# Legend's Battle & Triumph



## Laurel_Haven (Oct 20, 2007)

I just got a new bottle baby buckling as a X-Mas present from my family, he is such a sweetie. I think this bottle baby is my families secret attempt at getting me back into the goaties after my recent bad luck with kiddings. Well it sure is nice having him around to care for and seems to be working as I am really enjoying having him need me as much as he does. I adore this buckling!

Anyway Legend is in the house for now, and I took these photo's of his battle and triumph to overtake this tote, He was so proud to defeat this tote and in the last picture he looks so content and victorious. 
I thought the pictures were so cute and just wanted to share!


----------



## kelebek (Oct 5, 2007)

He is just adorable!!!! Have a wonderful time with him!

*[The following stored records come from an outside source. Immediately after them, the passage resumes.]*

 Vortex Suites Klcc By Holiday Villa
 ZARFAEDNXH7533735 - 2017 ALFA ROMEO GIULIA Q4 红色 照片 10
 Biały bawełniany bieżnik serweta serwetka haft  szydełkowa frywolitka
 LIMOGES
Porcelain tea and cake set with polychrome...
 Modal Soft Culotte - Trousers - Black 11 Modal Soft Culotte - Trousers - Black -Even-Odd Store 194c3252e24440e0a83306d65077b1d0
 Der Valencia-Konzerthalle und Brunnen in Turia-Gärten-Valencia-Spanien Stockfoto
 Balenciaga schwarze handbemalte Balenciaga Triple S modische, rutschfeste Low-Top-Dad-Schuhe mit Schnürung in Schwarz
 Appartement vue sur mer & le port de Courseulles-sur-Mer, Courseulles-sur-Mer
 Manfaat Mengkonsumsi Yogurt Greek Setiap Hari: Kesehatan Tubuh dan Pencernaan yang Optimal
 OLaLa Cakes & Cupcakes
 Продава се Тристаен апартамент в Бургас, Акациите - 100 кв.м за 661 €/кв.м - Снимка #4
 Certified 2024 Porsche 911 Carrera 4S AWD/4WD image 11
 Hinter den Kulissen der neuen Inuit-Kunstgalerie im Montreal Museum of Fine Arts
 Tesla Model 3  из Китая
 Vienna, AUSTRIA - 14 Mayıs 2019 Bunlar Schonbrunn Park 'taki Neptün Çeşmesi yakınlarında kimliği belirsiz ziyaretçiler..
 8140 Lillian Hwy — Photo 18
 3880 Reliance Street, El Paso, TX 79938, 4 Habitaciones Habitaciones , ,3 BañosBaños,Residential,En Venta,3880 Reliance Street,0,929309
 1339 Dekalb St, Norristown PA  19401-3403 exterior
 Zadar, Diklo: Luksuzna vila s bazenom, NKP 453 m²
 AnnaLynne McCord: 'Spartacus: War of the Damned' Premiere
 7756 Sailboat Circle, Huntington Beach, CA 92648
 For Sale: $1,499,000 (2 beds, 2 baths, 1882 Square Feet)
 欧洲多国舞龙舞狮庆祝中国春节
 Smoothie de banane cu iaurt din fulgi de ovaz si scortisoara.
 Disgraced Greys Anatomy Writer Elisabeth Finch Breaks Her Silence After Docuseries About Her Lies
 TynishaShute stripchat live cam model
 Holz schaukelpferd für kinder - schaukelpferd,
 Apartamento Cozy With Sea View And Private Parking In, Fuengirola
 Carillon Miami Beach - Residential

If he comes up missing, please do not look at my house!


----------



## LiddleGoteGurl (Nov 29, 2007)

Oh my, that is just the cutest thing!!! Awwwww!!! He is sooooo adorable!!!!!! Wow! Just want to eat him up.. no not really.. he is sooooo cute though!


----------



## alyssa_romine (Oct 5, 2007)

he is so cute!!! Congrats on the new addition


----------



## sweetgoats (Oct 18, 2007)

That last picture, he looks like "WHO ME?, I am just to cute".
Now is this the same one that you showed us before? He is just the cutest think.


----------



## Sweet Gum Minis (Oct 6, 2007)

You know I'm a sucker for those cou clairs!!!! He is downright adorable!!!! Congrats!!!!


----------



## hornless (Oct 5, 2007)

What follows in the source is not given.